On Tuesday, the Supreme Court scrapped the government's midnight order sending Mr Verma on compulsory leave and replacing him with an interim CBI director. But while restoring him to his post, the court ruled that he would not take any major policy decisions until a high-powered selection committee featuring the PM, the Chief Justice of India or his representative and the leader of the largest opposition party decided on his status.
Mr Verma returned to his office yesterday and soon after, cancelled the interim CBI chief's orders transferring officers in his team. Ten transfers were overturned.
Today, Mr Verma ordered the transfer of five officers – Ajay Bhatnagar, MK Sinha, Tarun Gauba, Murugesan and AK Sharma.
Whether he has the power to take these decisions is being debated.

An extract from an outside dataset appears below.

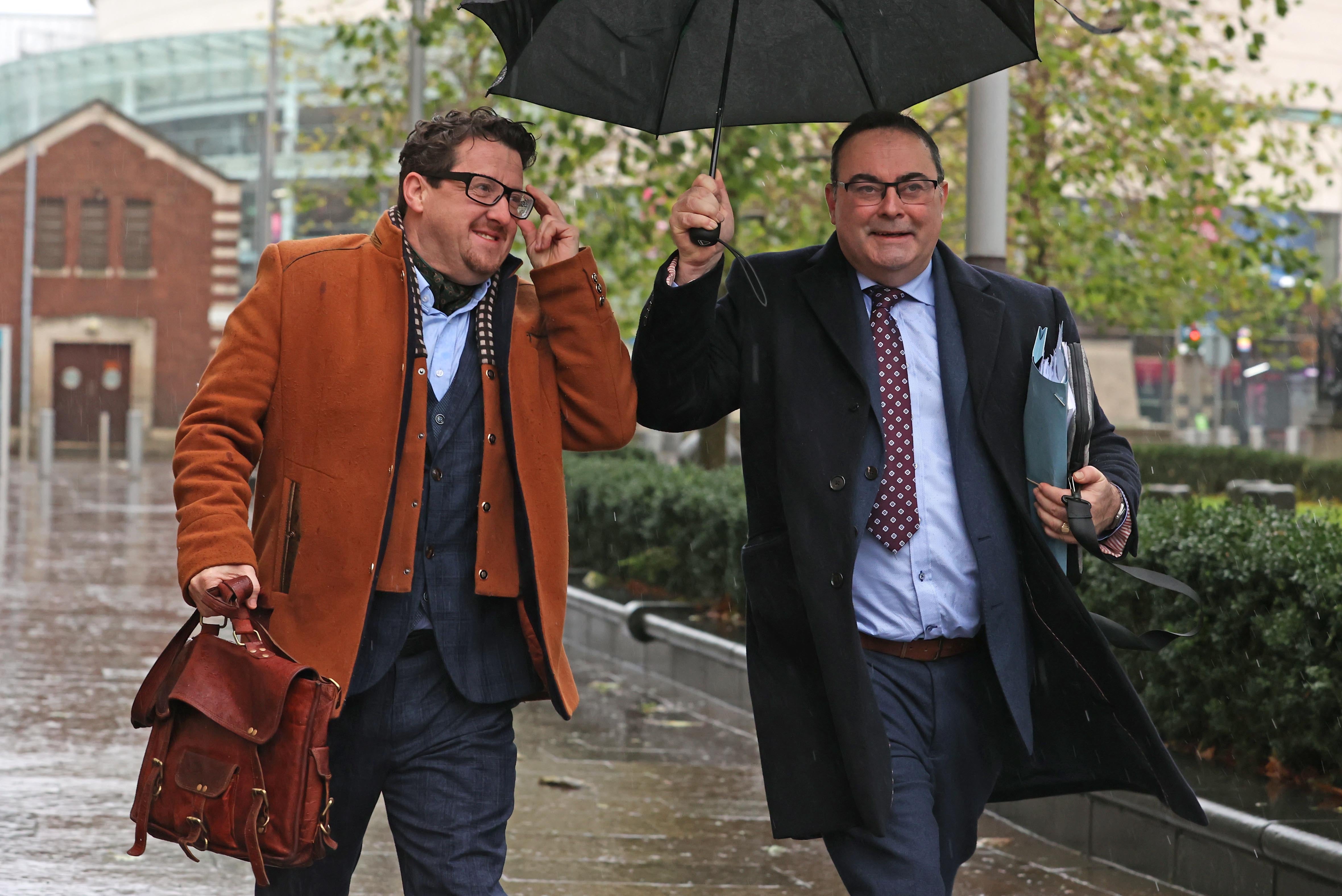 Sean Napier (left) and his solicitor Paul Farrell arrive at the Royal Courts of Justice in Belfast (Liam McBurney/PA)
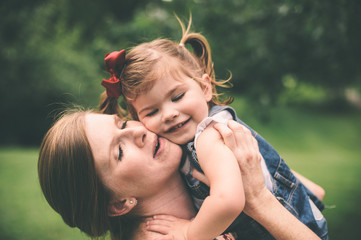 Mother holding daughter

Sources close to Mr Verma argue that he is exercising the same powers as M Nageswara Rao, the interim chief, did even after being told by the Supreme Court not to take any policy decisions.
Mr Verma had approached the Supreme Court after the government sent him and his deputy Rakesh Asthana on leave and appointed an interim chief in a midnight swoop on October 23. Mr Verma's office was sealed and members of his team were transferred overnight by Nageswar Rao, who took charge as interim chief around 2 am that night.
The Supreme Court's rejection of that move is a major embarrassment to the government, which has been under opposition attack over allegations of manipulating the CBI and using it as a tool against political rivals.
The government defended its move in court saying it had to protect the CBI's integrity and credibility after Mr Verma and Mr Asthana traded corruption charges.
Sources say even more embarrassing for the government is that Mallikarjun Kharge, the Congress leader in the selection committee, had strongly opposed Mr Verma's appointment in 2017.
But Mr Verma was appointed CBI director despite Mr Kharge's dissent note.
The three member committee, which includes Justice AK Sikri, besides PM Modi and Mr Kharge, will also discuss names for a new CBI director. Mr Verma retires on January 31.
The committee is also expected to consider the charges against Mr Verma. He was accused by his deputy of taking Rs 2 crore as bribe from a businessman being investigated by the CBI.